On Mon, May 15, 2023 at 03:38:17PM +1200, Thomas Munro wrote:
> On Fri, May 12, 2023 at 6:00 AM Alexander Lakhin <exclusion@gmail.com> wrote:
> > 2023-05-11 20:19:22.248 MSK [2037134] FATAL: invalid memory alloc request size 2021163525
> > 2023-05-11 20:19:22.248 MSK [2037114] LOG: startup process (PID 2037134) exited with exit code 1
>
> Thanks Alexander. Looking into this. I think it is probably
> something like: recycled standby pages are not zeroed (something we
> already needed to do something about[1]), and when we read a recycled
> garbage size (like your "xxxx") at the end of a page at an offset
> where we don't have a full record header on one page, we skip the
> ValidXLogRecordHeader() call (and always did), but the check in
> allocate_recordbuf() which previously handled that "gracefully" (well,
> it would try to allocate up to 1GB bogusly, but it wouldn't try to
> allocate more than that and ereport) is a bit too late. I probably
> need to add an earlier not-too-big validation. Thinking.
I agree about an earlier not-too-big validation.

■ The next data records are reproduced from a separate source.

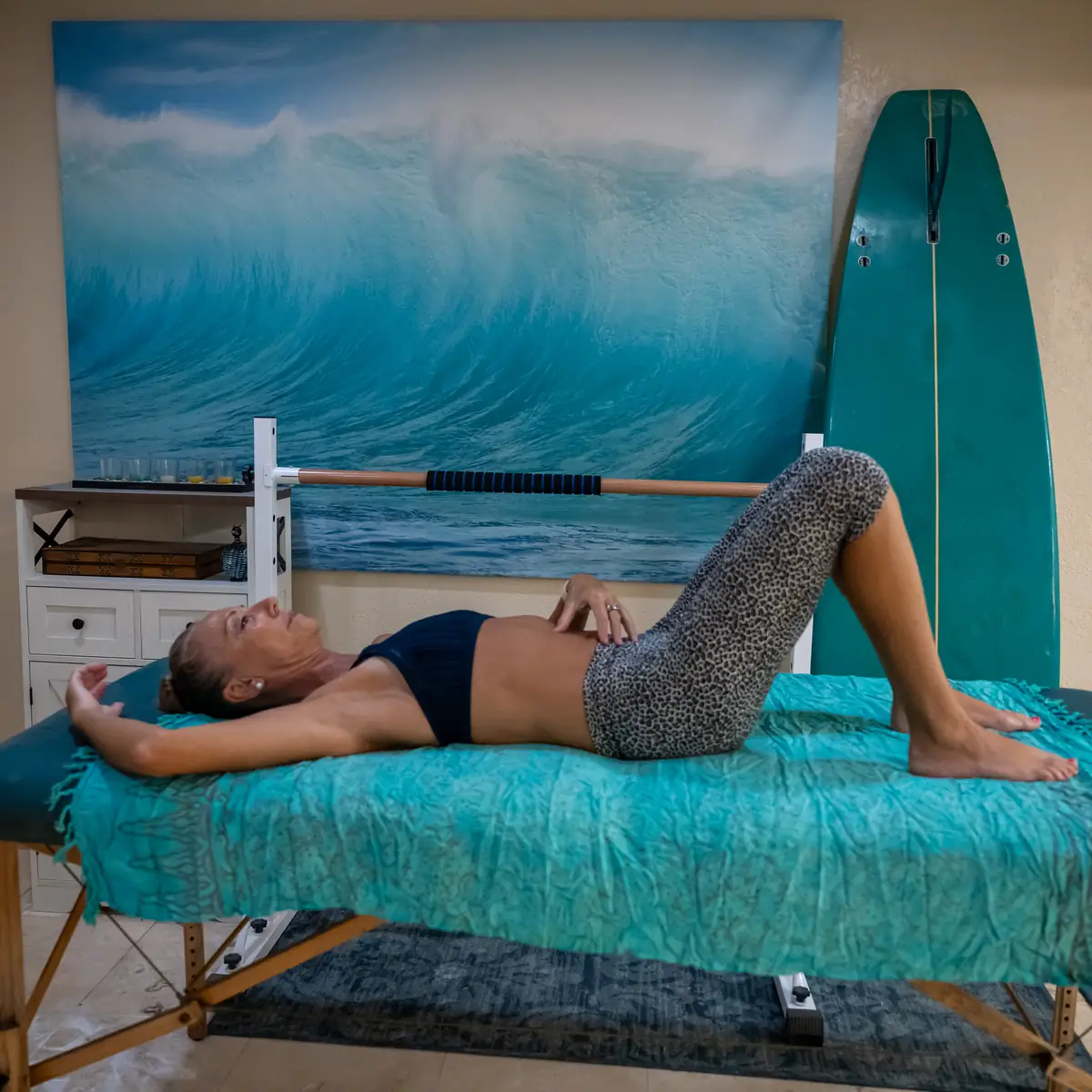 Lower Back & Core Lower back and core practice on a treatment table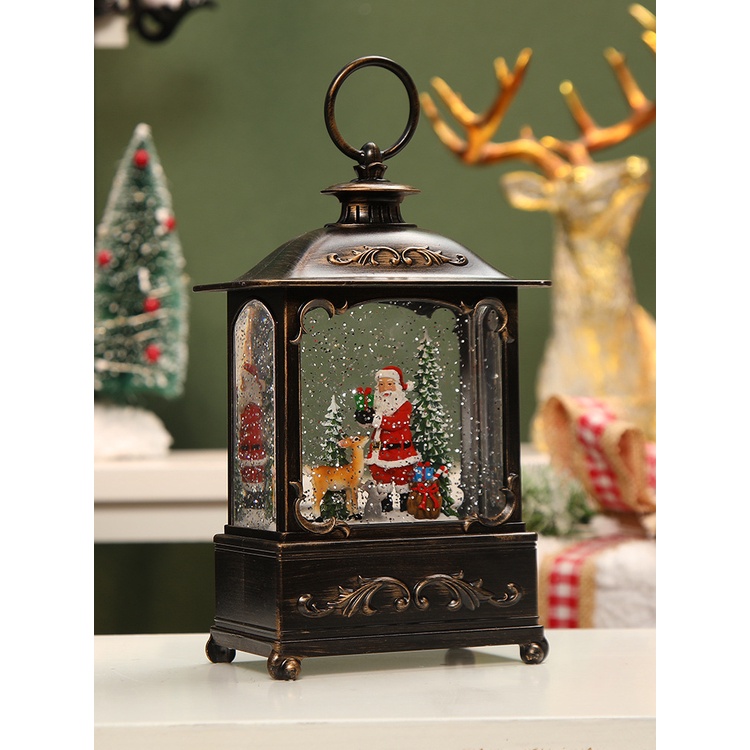 Snow Globe Kotak Musik Natal Lentera Salju Santa Kado Hadiah Natal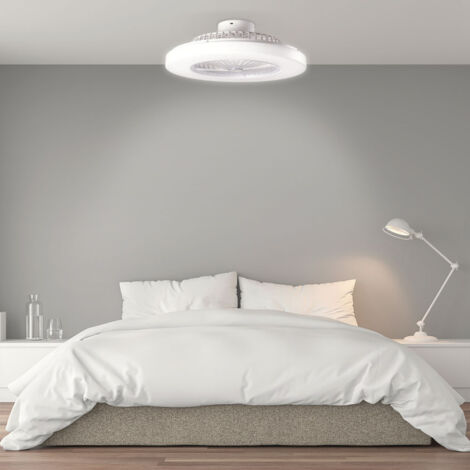 Ventilador de techo moderno con kit de luz reversible, lámpara LED con  mando a distancia, 96 W, ventilador silencioso para cocina, salón,  habitación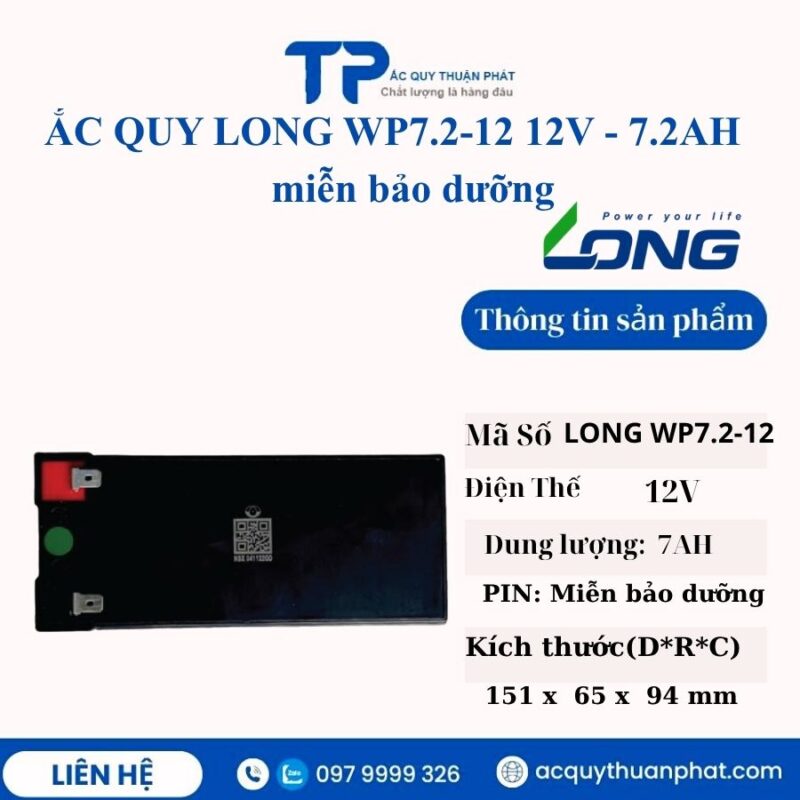 Ắc Quy Long WP7.2-12 12V - 7.2AH miễn bảo dưỡng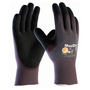 Protective Industrial Products X-Large MaxiDry® 18 Gauge Black Nitrile Palm And Finger Coated Work Gloves With Purple Nylon And Elastane Liner And Knit Wrist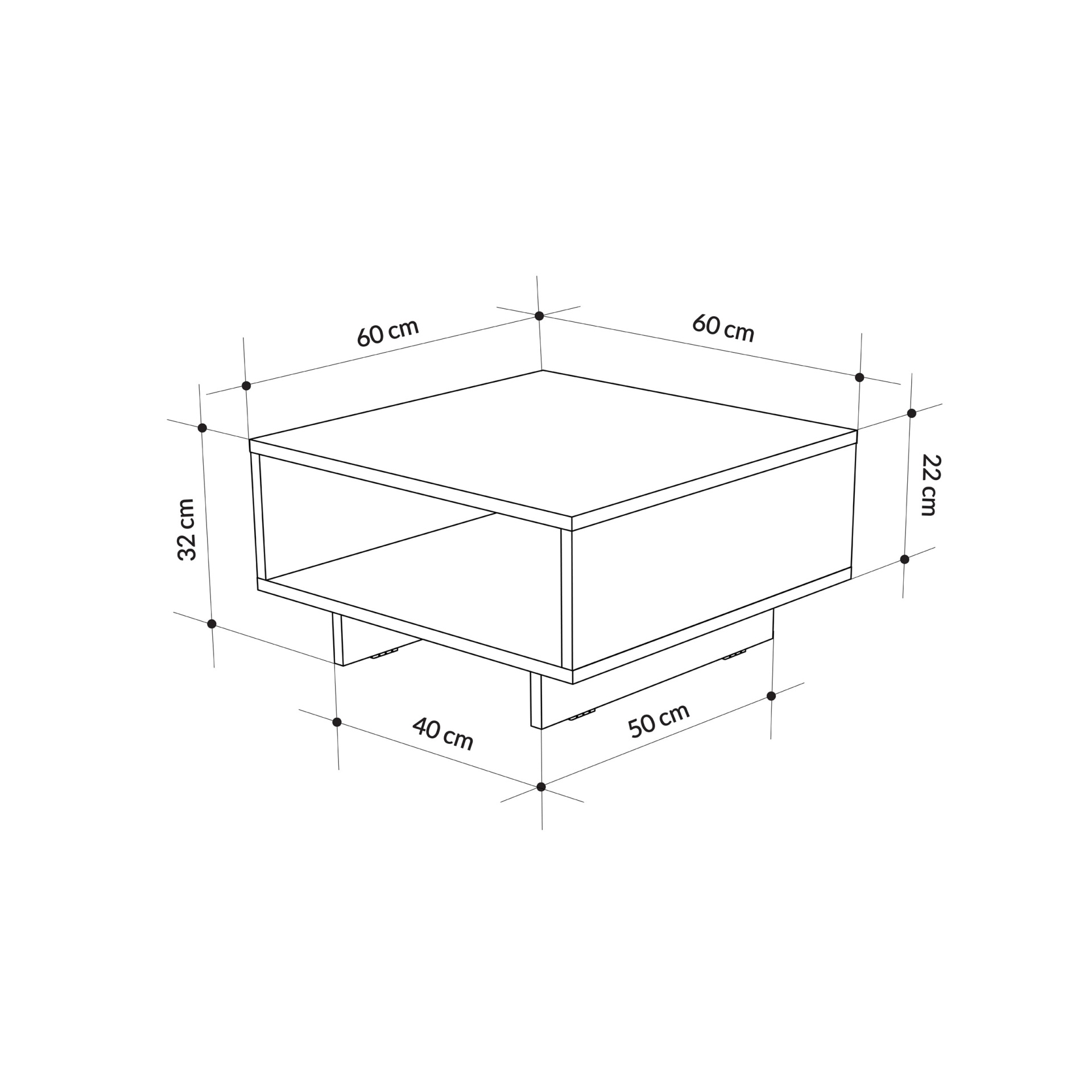 Desenho técnico de móvel com dimensões em centímetros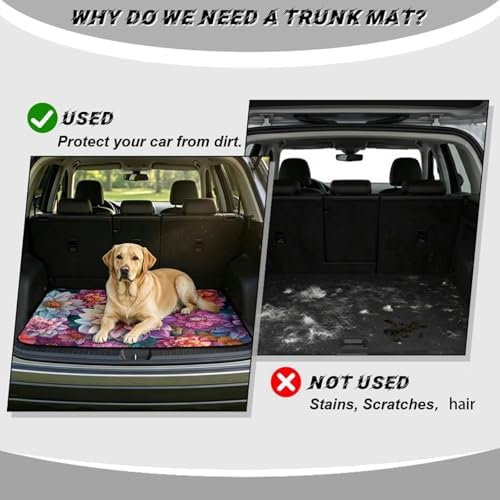 ELEQIN Car Cargo Liner, All Weather Heavy Duty Trunk Liner, Dahlia Flower - Image 4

Like the attached? I
haven't tested it with Alexander's recipe or pondered it thoroughly.
> [1] https://www.postgresql.org/message-id/20210505010835.umylslxgq4a6rbwg@alap3.anarazel.de
Regarding [1], is it still worth zeroing recycled pages on standbys and/or
reading the whole header before allocating xl_tot_len? (Are there benefits
other than avoiding a 1G backend allocation or 4G frontend allocation, or is
that benefit worth the cycles?)